Here Patsy plunged into the talk and reminded Don Luis of the Age of Phidias, the painters of the Dutch and Venetian Republics. The great periods of art had little to do with the form of government under which they flourished. Art was a rare and wonderful flowering of the human intelligence, the fairest flower on the tree of life. It depended on the development of the race, not the will of the ruler.

“That may be,” said the Argentino, “but if we are ever again to have a great art, the artist must be protected, his trade must be taken as seriously as the baker’s or the plumber’s.
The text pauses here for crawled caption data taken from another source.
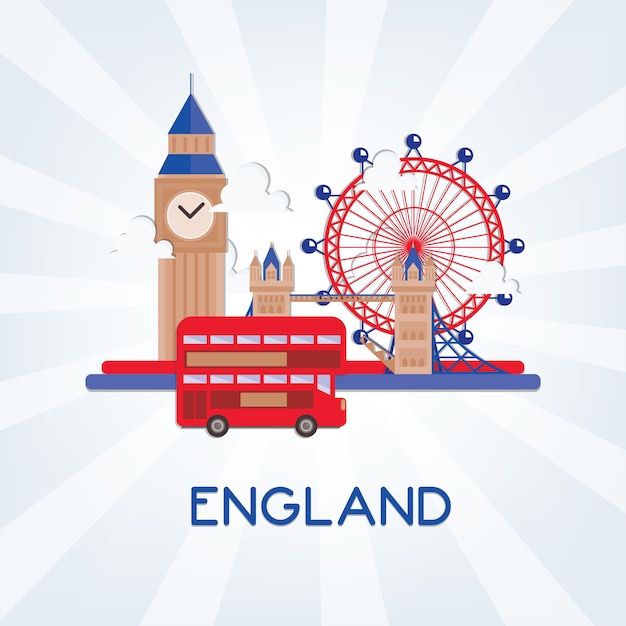 Premium Vector Illustration England With Landmark England Banner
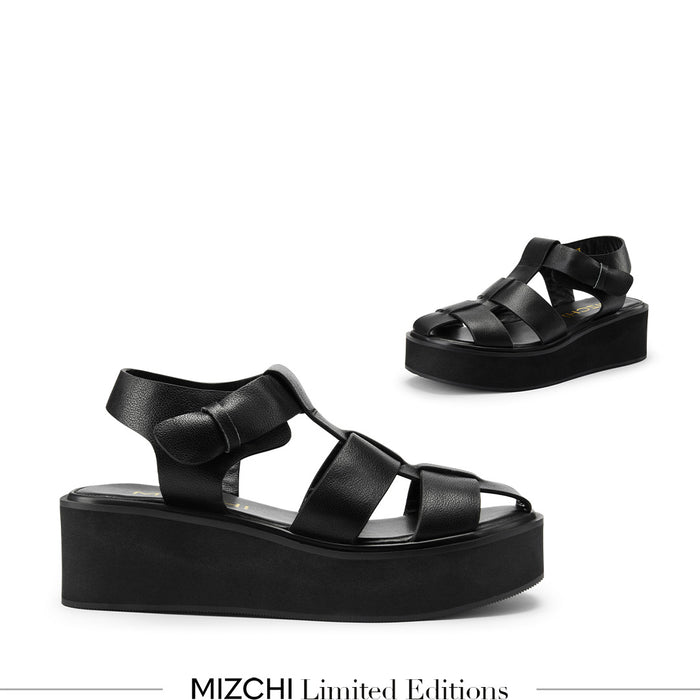 Ingrid - Black Leather Platform Sandals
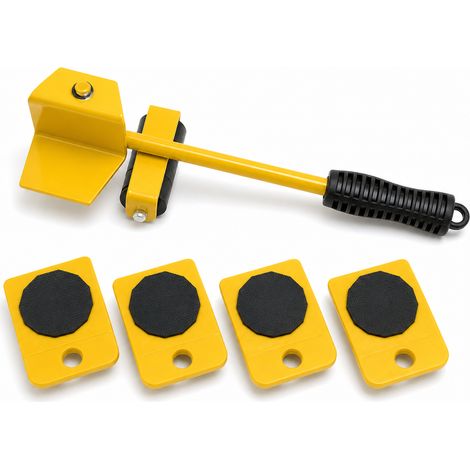 Kit di spostamento mobili 5 pezzi in acciaio giallo 32 cm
If art is the fine flower of civilization, it must in its very nature be the costliest of products—so to most people it seems a luxury.”

“Is religion a luxury, is poetry a luxury? Is anything that lifts the ideals, or stimulates the imagination a luxury?” cried Don Luis, passionately.

The old arguments were brought forward and threshed out, the discussion became heated; meanwhile Villegas worked on steadily. On the flat bare canvas a dim foreshadowing of what would be Angoscia’s perfect face grew and grew under his hands. While the others talked about art he was at work upon his latest masterpiece, the portrait of Angoscia.[5]

This was our last visit to the dear studio in the Pasaje del Alhambra, where for six months J. had worked, where we had all been so happy together. Our stay in Madrid was drawing to a close; we counted the hours now as misers count gold.

“The picture the Czar bought is of the same subject as this,” said J., pointing to The Death of the Matador.

The wounded matador lies on a litter in the chapel of the bull-ring. An old priest stands at his head, reading the prayers for the dying. A group of gorgeously dressed bull-fighters stand about him, their eyes fixed on their comrade’s pale face. At the back of the picture an opening in the wall gives a glimpse of the crowded arena, where the spectators are watching the great game of death, unconscious that a few feet away one of the heroes of the corrida is dying, gored to death by the last bull.

While I was looking for the last time at the picture, Don Jaime came into the studio with a stranger, an immense man, deep in the chest, broad in the shoulders, small in the hips. His head was scarred, so were both his hands. He wore his hair brushed down on his forehead. At the first glance he looked like a priest, at the second like a prize fighter.

“Jaime has kept his word,” whispered J., “that is—the most famous matador in the world.”

“That is something I have seen more than once,” said the matador, looking at the picture. “In my time there was a mass before every corrida, when the priests carried the oils of the extreme unction in procession. I stopped that; it took the heart out of a man.”

The matador came nearer the picture, studied it carefully, taking now the attitude of one figure, now of another. “Muy bien!” he said, nodding his great head in approval.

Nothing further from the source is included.